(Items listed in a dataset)
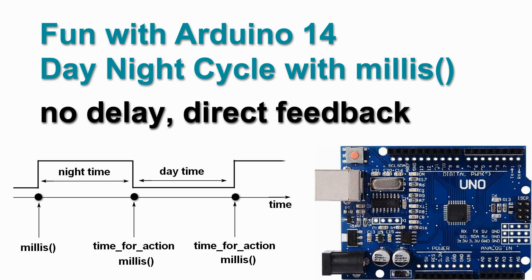Welcome to video 14 on fun with Arduino. In the previous video, we got rid of the delay statement which stalls the Arduino so it cannot do anything anymore, and we replaced it by using the internal millisecond clock.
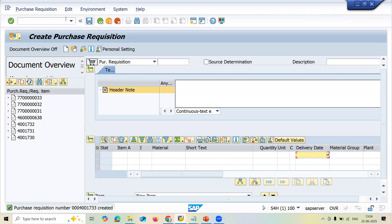Now I'm going to convert it to purchase order. See purchase requisition has been created. 4001733. Now let me create a purchase order.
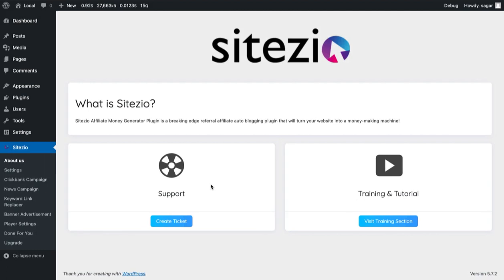Hello. In this video, I will explain how to create your first campaign.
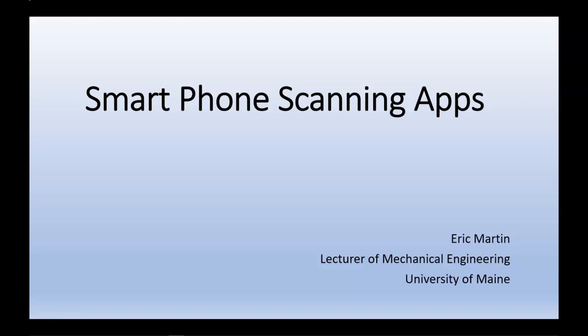This is Eric Martin, lecturer of mechanical engineering at the University of Maine. In this video, we'll investigate smartphone scanning apps.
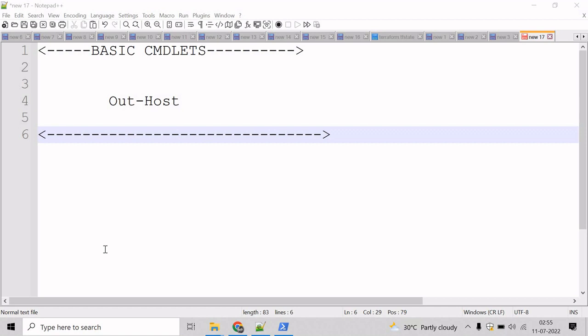Let's talk about the Out-Host commandlet. The Out-Host commandlet sends output of the PowerShell host for display. The host displays the output at the command line because Out-Host is the default. You do not have to specify it unless you want to use its parameters.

#### Work required
Reproduce each entry word for word and cut the images.

#### Solved problem
Welcome to video 14 on fun with Arduino. In the previous video, we got rid of the delay statement which stalls the Arduino so it cannot do anything anymore, and we replaced it by using the internal millisecond clock.
Now I'm going to convert it to purchase order. See purchase requisition has been created. 4001733. Now let me create a purchase order.
Hello. In this video, I will explain how to create your first campaign.
This is Eric Martin, lecturer of mechanical engineering at the University of Maine. In this video, we'll investigate smartphone scanning apps.
Let's talk about the Out-Host commandlet. The Out-Host commandlet sends output of the PowerShell host for display. The host displays the output at the command line because Out-Host is the default. You do not have to specify it unless you want to use its parameters.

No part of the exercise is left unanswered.